Issue #7 addresses the delay and provides an in-story reason for "Whatever Happened to 'Ambush Bug Year None' #6?" It actually provides a two-part answer to that question. In part one, Art Baltazar and Franco ("Tiny Titans" maestros), disguised as humble, Eisner-award winning comic book broadcasters, stare at the reader until finally revealing, "We got nuthin'!" Then, in part two, a fedora-sporting P. I. tries to get to the bottom of the mystery, interviewing the Blackest Night Jonni DC, Dan DiDio, and everyone in between.

Baltazar and Franco draw the framing sequences (which amount to about 1/3rd of the comic), and the rest of the issue seems to be cut and pasted from unused panels from the missing issue #6.

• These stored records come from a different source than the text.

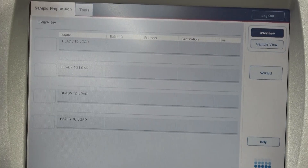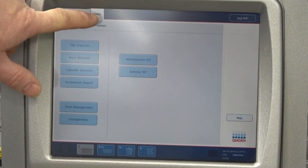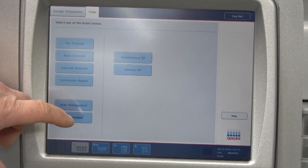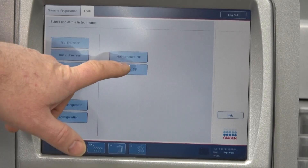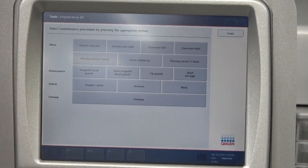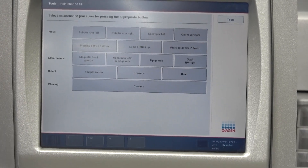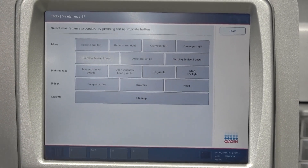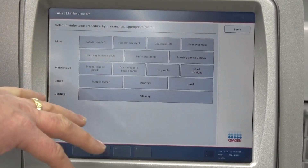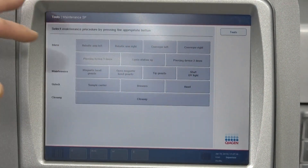Right now I'm going over to the tools folder, and I just want to do a couple things. First, we're going to look at the maintenance area, where we can just run the machine a little bit. And then also I want to look at the hours on the machine, because it actually has fairly low hours. But right here it's just a screen where you can access all the components and run them.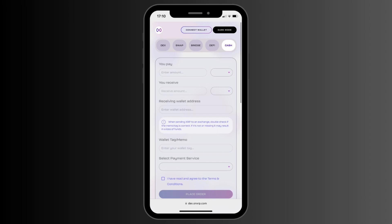You can acquire XRP on the OnXRP OnRamp, which we offer in cooperation with our partner Banksa. Simply navigate to dex.onxrp.com, select Cash, and fill all the steps on your screen. Take special note and never share your private key with somebody else.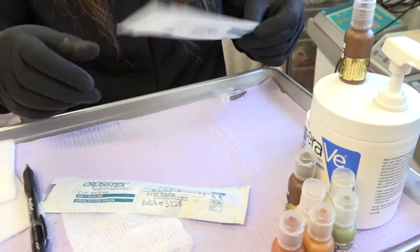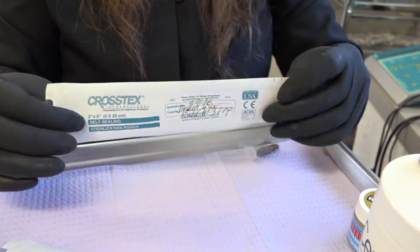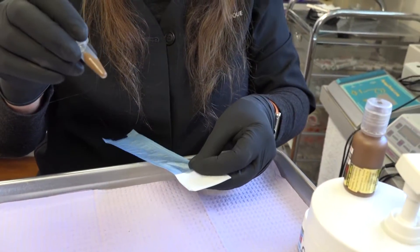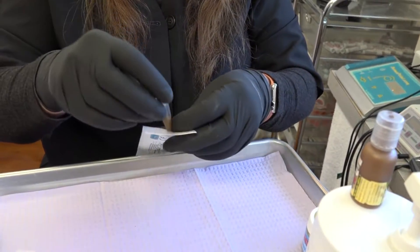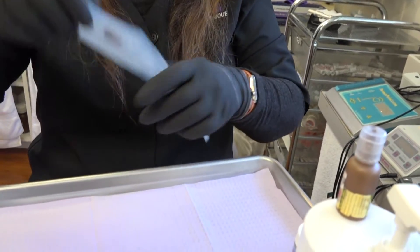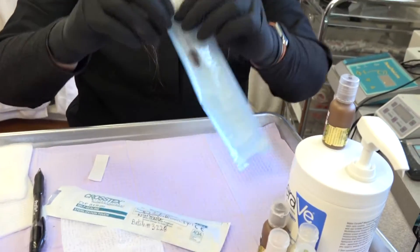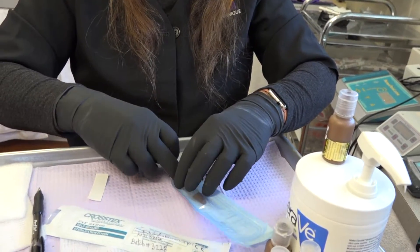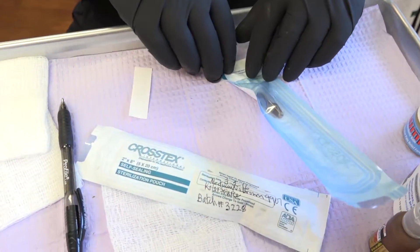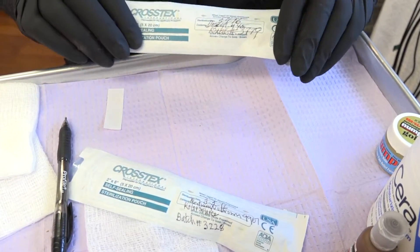Here is your sterilization pouch. Take your pigment — and if you need to label this too, you can put a label on it. Slip it in your pouch, shake it down, and seal it shut.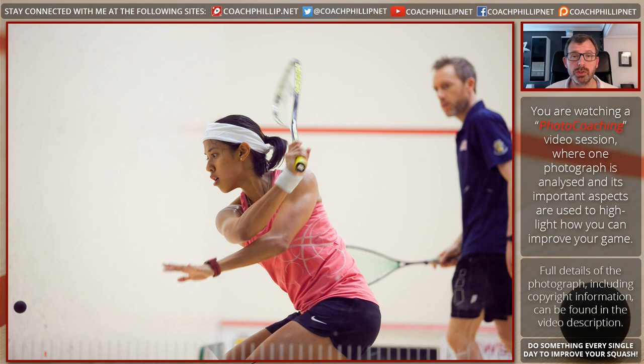So that was the first photo coaching session. I hope you enjoyed it and benefited from it. If you're a photographer and you've got some images you'd like me to use, or you're a player and you've seen some images, send me a link or an email and I'll try to get permission to use that photograph in future videos.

Now it's possible that issue #7 is a commentary on the DiDio-helmed DC Comics, and there never was an issue #6. Maybe this issue's delay and fill-in art pages satirizes the release pattern of plenty of DC comic books in recent years. Maybe its fragmented, seemingly editorial-interfered story is the point.

But it makes for an unsatisfying conclusion, no matter the real intention here.

The main problem is that the Baltazar and Franco bits mean less page time for Ambush Bug, and less page time for Giffen's art. Giffen and Ambush Bug are the draw here -- the entire reason for the existence of this series is to see Giffen use Ambush Bug to playfully mock the DCU. With the character and creator absent from one-third of the pages, the story falls apart. And it's not like Giffen Ambush Bug stories have that much internal logic to begin with. But when we get scattered panels of what seem to be repurposed "Final Crisis" parody pages and Dan DiDio drawn as if he's in "Matrix Reloaded," well, it's not a comic book story anymore. It's just a collection of panels that don't add up to much of anything of value.

And worst of all, it's not even funny.